That’s right! Another recipe, and it’s a dandy: a hot chocolate meant to be savored.
Craig and Lisa invited us for homemade French onion soup last night. They also served a delightful salad, some tasty carrots, and, best of all, a rather odd dessert: a cup of hot chocolate (served with a slice of salty buttered toast).

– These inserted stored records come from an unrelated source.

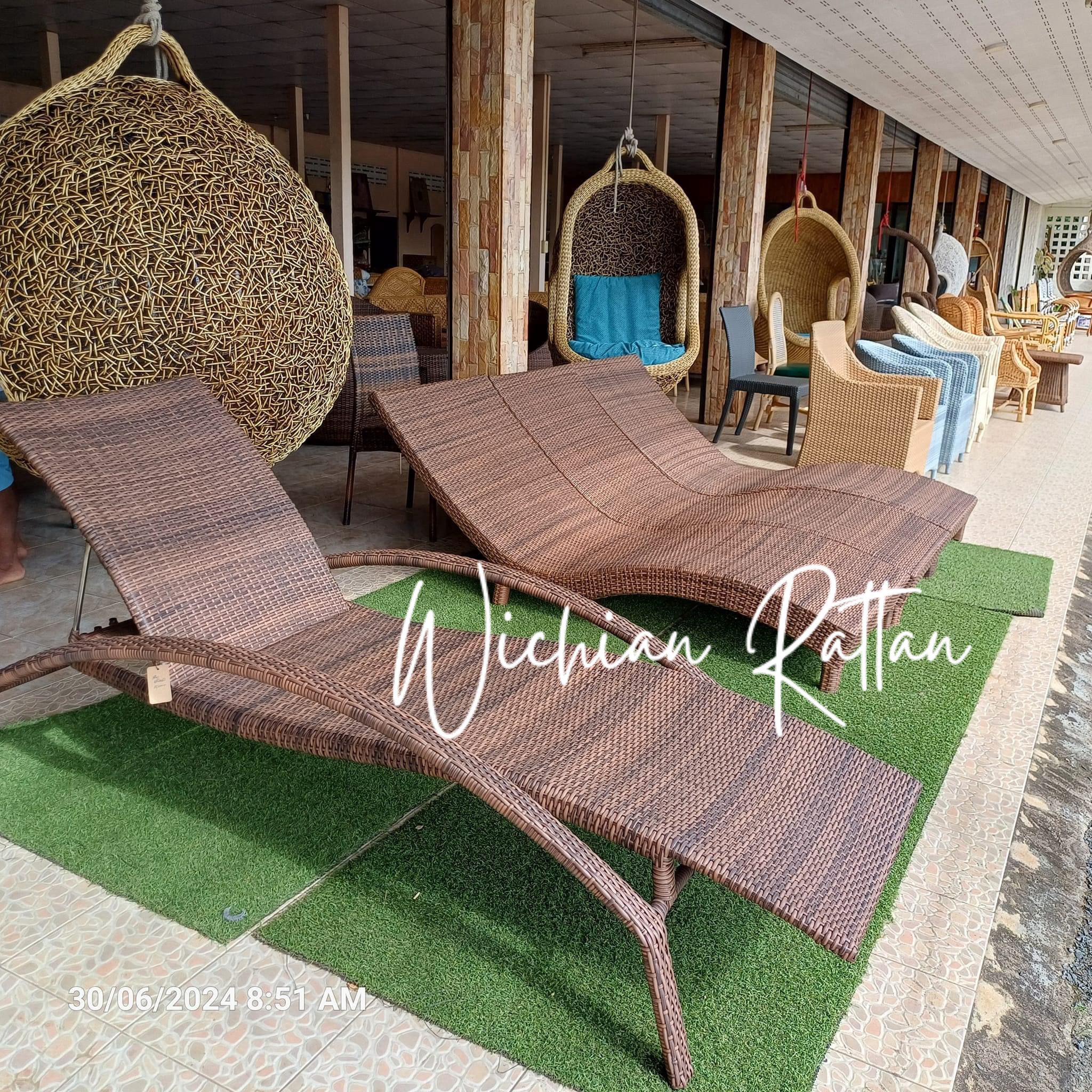 เตียงอาบแดดหวายเทียมปรับระดับได้ รุ่น L07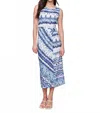 Charlie B Sleeveless Cotton Dress With Faux Knot Detail In Lake Tahoe In Blue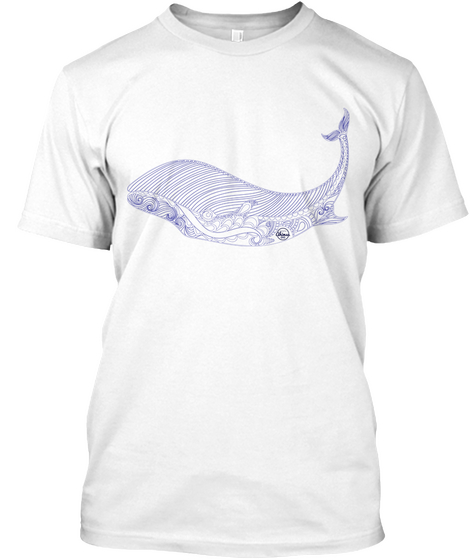  "Blue Whale" Ocean Sealife White áo T-Shirt Front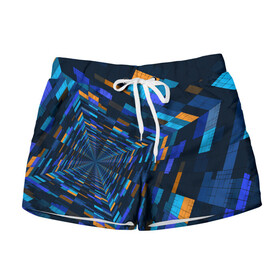 Женские шорты 3D с принтом Geometric pattern   Fashion   Vanguard в городе Новоалтайск, 100% полиэстер | прямой крой, два кармана без застежек по бокам. Мягкая трикотажная резинка на поясе, внутри которой широкие завязки. Длина до середины бедра | fashion | geometric | pattern | vanguard | авангард | геометрия | мода | узор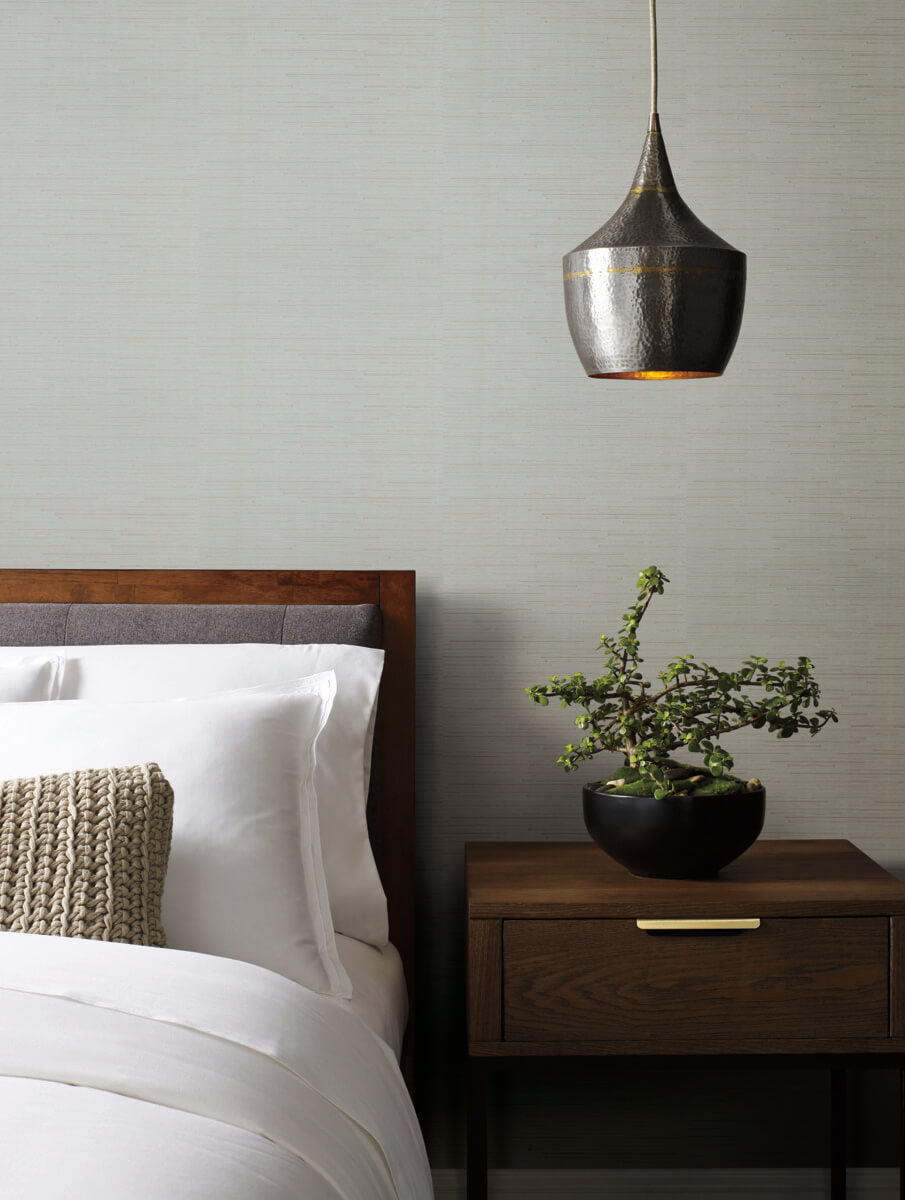 Antonina Vella Dazzling Dimensions Ribbon Bamboo Wallpaper - White Silver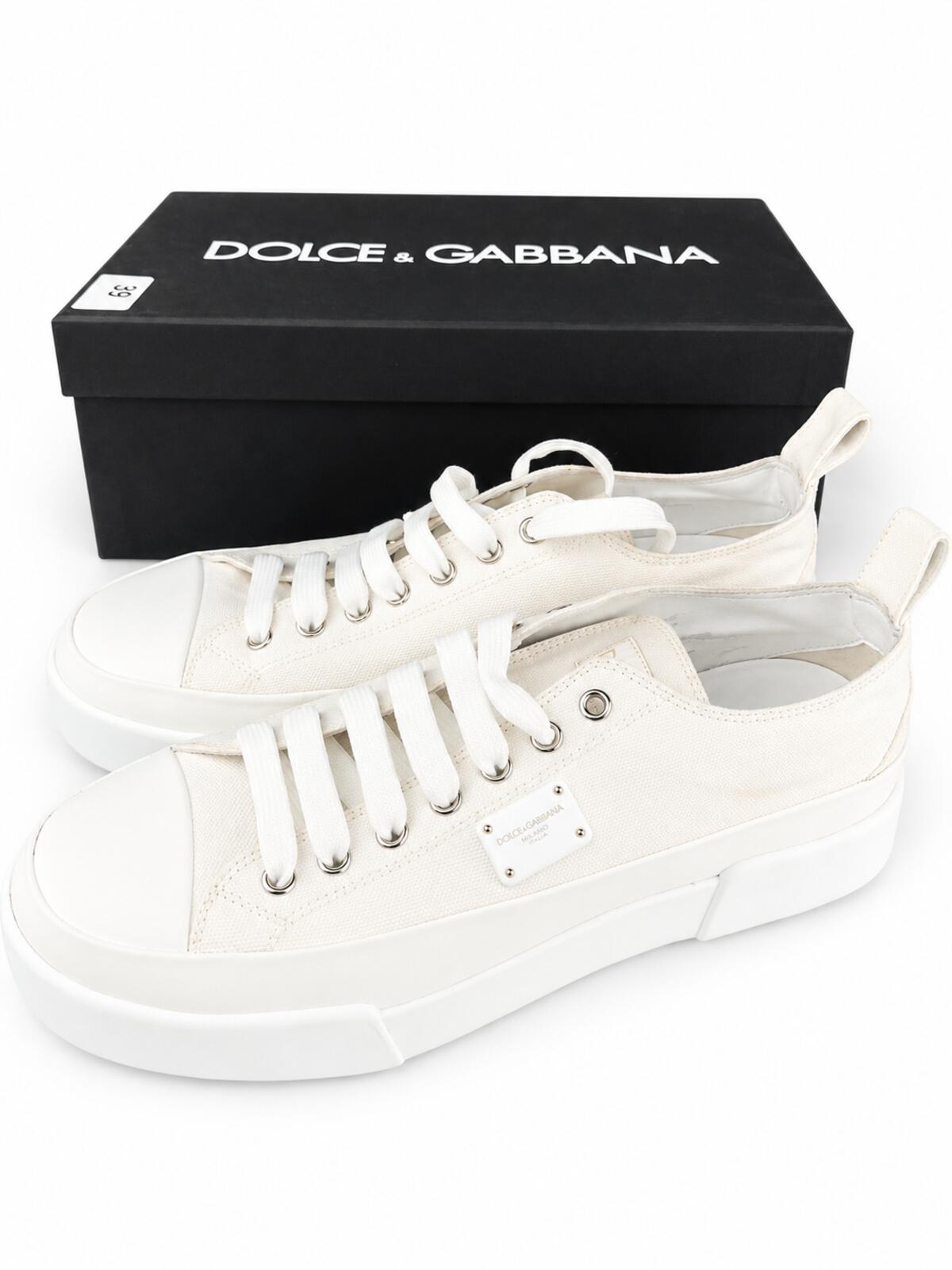 Dolce & Gabbana Dolce & Gabbana White Canvas Platform Low-Top Sneaker EU 40 US 9 | NIB - Vestir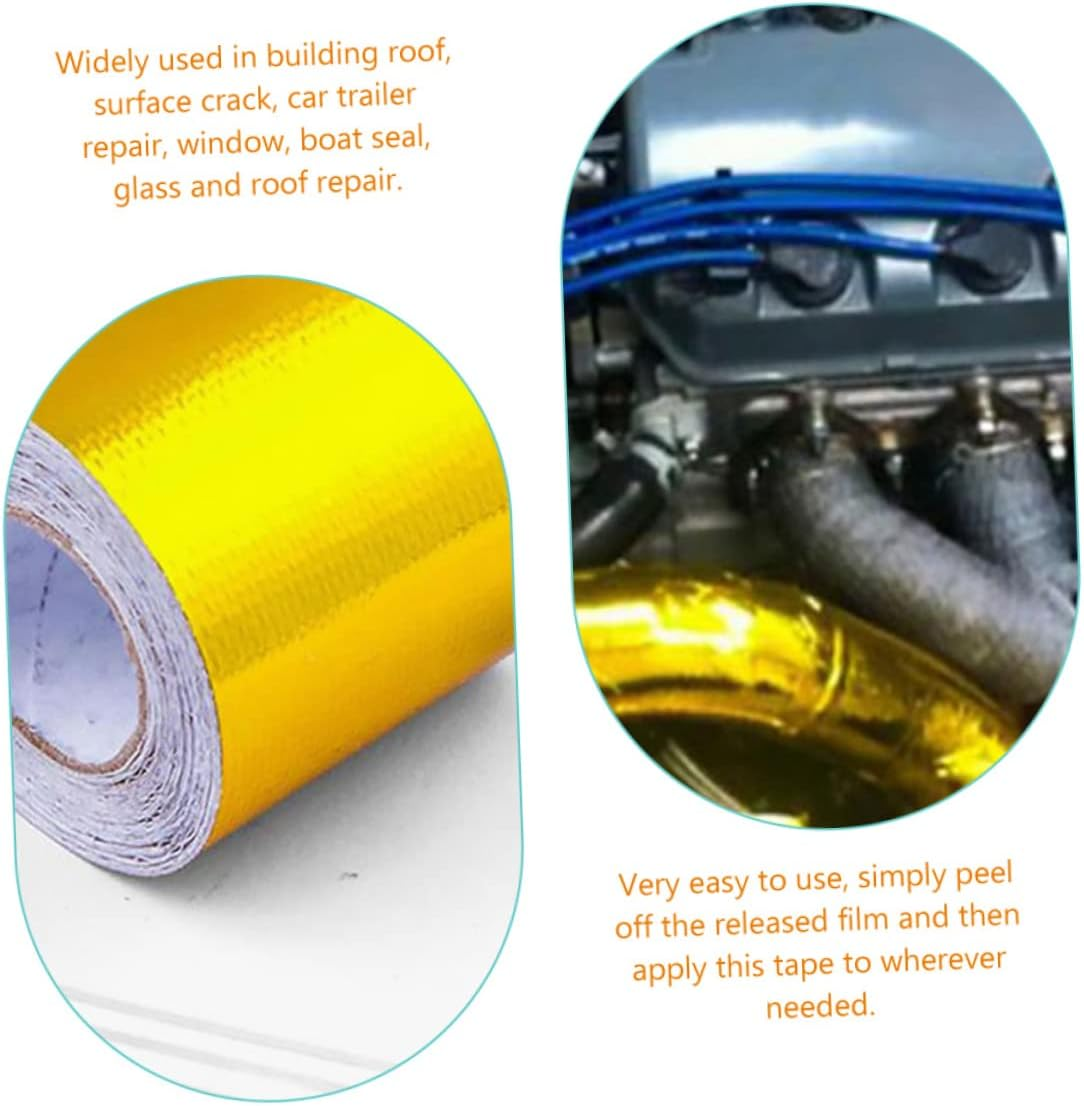 CANIGHT 10M Aluminum Foil Tape Heat Resistant Adhesive for Automotive Exhaust Insulation and Repairs and Flexible for High Temperature Applications image number 2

But this is no ordinary hot chocolate.
This is:
Chocolat Chaud
(from It Must’ve Been Something I Ate by Jeffrey Steingarten — adapted from Pierre Hermé)Ingredients:
- 2-1/4 cups whole milk
- 1/4 cup bottled still water
- 1/4 cup (generous) superfine granulated sugar
- 1 100-gm bar (3-1/2 ounces) dark bittersweet chocolate, Scharffen Berger, Valrhona, or Lindt (see note, below), finely sliced with a serrated bread knife
- 1/4 cup (1 ounce or 28 gm) cocoa powder, loosely packed, preferably Valrhona
Instructions: In a 2-quart saucepan, stir together the milk, water, and sugar. Bring to a boil over medium heat. Add the chopped chocolate and the cocoa and bring to a boil again, whisking until the chocolate and cocoa are dissolved and the mixture has thickened. Reduce the heat to very low.
Blend for 5 minutes with an immersion mixer or whirl the hot chocolate in a standard blender for half a minute, until thick and foamy.
Yield: Four 6-ounce cups of hot chocolate.
Note: I [Steingarten] use a dark chocolate containing close to 70 percent cocoa, though Lindt bittersweet also works just fine. The Mayans and the Aztecs considered the froth the best part. Today, five minutes with an immersion mixer or a blender accomplishes what a half hour of beating did long ago.
This stuff is delicious — a divine concoction. The food of the gods. It’s to be sipped, not quaffed.
Kris and I are preparing to venture out to find some good, high-quality chocolate with which to prepare this recipe for Jeremy and Jennifer tomorrow night.
The wikipedia gives us more on the history of cocoa.
The above is the fourth in my series of “Best Recipes Ever!” The other three are: Best Salsa Ever, Best Gingerbread Cookies Ever, and — my favorite — Best Clam Chowder Ever.
Sixteen years ago on this date, Kris accepted my application to be her sweetheart. We’ve been together ever since, happy and content despite our contrary natures. Today is the anniversary we mark, not our wedding anniversary.
Wow thank you so much for this recipe! I just got back from france and was trying to find a recipe for chocolate chaud, so I could share the wonder with my family. Thanks! My parents will be thrilled!